Starter (200 emails/day, ~4,000/month):
- Domains: 2 domains x $12/year = $24/year ($2/month)
- Mailboxes: 8 accounts x $7/month = $56/month
- Sending tool: Instantly Growth = $37/month
- Warm-up: Included with Instantly
- Email verification: ~$20/month
- Total: approximately $115/month
Growth (1,000 emails/day, ~20,000/month):
- Domains: 7 domains x $12/year = $84/year ($7/month)
- Mailboxes: 28 accounts x $7/month = $196/month
- Sending tool: Instantly Hypergrowth = $97/month
- Warm-up: Included with Instantly
- Email verification: ~$50/month
- Total: approximately $350/month
Scale (5,000 emails/day, ~100,000/month):
- Domains: 35 domains x $12/year = $420/year ($35/month)
- Mailboxes: 140 accounts x $7/month = $980/month
- Sending tool: Instantly Light Speed or Smartlead Scale = ~$159-$174/month
- Warm-up: Included or supplemental = ~$50/month
- Email verification: ~$150/month
- Monitoring tools: ~$50/month
- Total: approximately $1,450/month
Setting Up From Scratch: The Complete Workflow
Here's the step-by-step workflow to set up cold email infrastructure from zero, with the order of operations that matters.

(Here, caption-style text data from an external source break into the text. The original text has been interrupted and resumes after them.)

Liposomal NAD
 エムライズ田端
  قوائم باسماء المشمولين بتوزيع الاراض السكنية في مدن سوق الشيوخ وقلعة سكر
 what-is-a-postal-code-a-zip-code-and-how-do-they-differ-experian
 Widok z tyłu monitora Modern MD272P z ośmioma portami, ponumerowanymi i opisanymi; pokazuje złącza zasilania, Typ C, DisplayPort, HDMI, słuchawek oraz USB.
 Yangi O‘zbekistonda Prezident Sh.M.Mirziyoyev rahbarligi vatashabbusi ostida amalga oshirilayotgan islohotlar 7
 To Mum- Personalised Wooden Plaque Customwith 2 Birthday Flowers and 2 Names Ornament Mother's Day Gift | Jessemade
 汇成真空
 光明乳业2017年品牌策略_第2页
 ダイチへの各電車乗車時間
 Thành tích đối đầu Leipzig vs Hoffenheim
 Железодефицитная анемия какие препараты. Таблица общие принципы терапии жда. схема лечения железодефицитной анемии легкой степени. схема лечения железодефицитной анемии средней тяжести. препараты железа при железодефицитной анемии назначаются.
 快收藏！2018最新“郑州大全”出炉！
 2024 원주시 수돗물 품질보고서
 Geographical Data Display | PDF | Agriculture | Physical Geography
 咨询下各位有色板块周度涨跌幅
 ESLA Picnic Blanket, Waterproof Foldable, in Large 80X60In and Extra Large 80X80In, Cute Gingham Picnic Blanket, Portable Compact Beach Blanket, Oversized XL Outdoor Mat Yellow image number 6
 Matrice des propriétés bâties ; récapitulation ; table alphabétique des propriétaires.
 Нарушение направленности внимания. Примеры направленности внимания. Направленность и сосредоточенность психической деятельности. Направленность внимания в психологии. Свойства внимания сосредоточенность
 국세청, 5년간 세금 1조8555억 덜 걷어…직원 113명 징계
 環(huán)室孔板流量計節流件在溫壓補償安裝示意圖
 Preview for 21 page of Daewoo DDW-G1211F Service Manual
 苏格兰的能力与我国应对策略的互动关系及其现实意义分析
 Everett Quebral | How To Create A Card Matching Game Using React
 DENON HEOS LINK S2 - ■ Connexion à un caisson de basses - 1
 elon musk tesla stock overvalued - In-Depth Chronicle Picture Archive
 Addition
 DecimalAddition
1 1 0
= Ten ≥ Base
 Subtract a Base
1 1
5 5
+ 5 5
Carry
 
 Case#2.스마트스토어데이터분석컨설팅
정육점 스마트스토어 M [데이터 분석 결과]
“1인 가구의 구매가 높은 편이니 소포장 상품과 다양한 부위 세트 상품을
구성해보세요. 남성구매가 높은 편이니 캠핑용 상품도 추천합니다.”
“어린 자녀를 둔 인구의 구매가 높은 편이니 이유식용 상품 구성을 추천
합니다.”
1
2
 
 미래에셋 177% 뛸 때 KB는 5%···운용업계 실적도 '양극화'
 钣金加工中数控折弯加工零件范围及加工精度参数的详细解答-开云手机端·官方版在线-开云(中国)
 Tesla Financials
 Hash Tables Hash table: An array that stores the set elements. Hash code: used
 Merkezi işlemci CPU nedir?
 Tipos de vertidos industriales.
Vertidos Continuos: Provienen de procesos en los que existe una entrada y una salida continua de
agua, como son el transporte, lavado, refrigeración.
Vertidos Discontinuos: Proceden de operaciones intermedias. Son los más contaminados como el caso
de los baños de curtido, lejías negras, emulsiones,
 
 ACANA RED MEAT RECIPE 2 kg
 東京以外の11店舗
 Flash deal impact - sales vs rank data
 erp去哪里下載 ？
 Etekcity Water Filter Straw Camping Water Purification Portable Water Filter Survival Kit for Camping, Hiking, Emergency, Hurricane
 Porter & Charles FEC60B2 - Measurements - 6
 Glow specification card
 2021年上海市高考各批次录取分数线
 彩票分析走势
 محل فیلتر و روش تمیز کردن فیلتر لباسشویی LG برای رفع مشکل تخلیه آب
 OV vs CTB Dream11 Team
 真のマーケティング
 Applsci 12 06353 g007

- Day 1: Purchase domains from Namecheap or Cloudflare. Set up basic landing pages on each domain. Point DNS to your mailbox provider.
- Day 1-2: Create mailboxes on Google Workspace and/or Microsoft 365. Configure SPF, DKIM, and DMARC for every domain. Verify DNS propagation using MXToolbox.
- Day 2: Connect all mailboxes to your sending tool (Instantly or Smartlead). Start warm-up on every mailbox. Set display names, signatures, and profile photos.
- Day 2-14: Let warm-up run for minimum 14 days. During this time, build your prospect lists, write email copy, set up campaigns (without activating), and verify email addresses.
- Day 14-21: Check warm-up scores. If 90%+ inbox placement, begin sending at 50% of target volume. Monitor open rates, bounce rates, and reply rates daily.
- Day 21-30: Gradually increase to full sending volume. Establish monitoring routines. Set up Google Postmaster Tools for all domains. Begin A/B testing subject lines and email copy.
- Day 30+: Full operation. Weekly monitoring of deliverability metrics. Monthly domain health audits. Quarterly infrastructure expansion if scaling.
Maintaining and Scaling Infrastructure Over Time
Cold email infrastructure requires ongoing maintenance. Neglect it and deliverability degrades within weeks.
- Weekly maintenance: Check warm-up scores across all mailboxes. Review bounce rates per campaign (pause any campaign above 3%). Monitor Google Postmaster Tools for reputation changes. Clear the reply queue and update suppression lists.
- Monthly maintenance: Audit sending volumes per mailbox and domain. Replace any mailboxes with degraded reputation. Review and update DNS records if providers change requirements. Update email copy to prevent pattern detection by spam filters.
- Scaling protocol: When you need more volume, don't push existing mailboxes harder. Add new domains and mailboxes instead. Allow 3-4 weeks for new infrastructure to warm up before adding to your production rotation. Scale by 20-30% per month, not overnight jumps.
- Domain rotation strategy: Some agencies rotate domains periodically, retiring domains that have been sending for 6+ months and replacing them with fresh ones. This is optional but can help maintain peak deliverability for high-volume operations. Once your infrastructure is running, you can layer on AI-powered outreach. See our guide on AI SDR cold email automation to automate the entire outbound process.
- Documentation: Keep a spreadsheet tracking every domain, mailbox, DNS record status, warm-up score, and sending volume. When managing 30+ domains, this documentation prevents costly mistakes like letting a DKIM record expire or forgetting to warm up a new mailbox.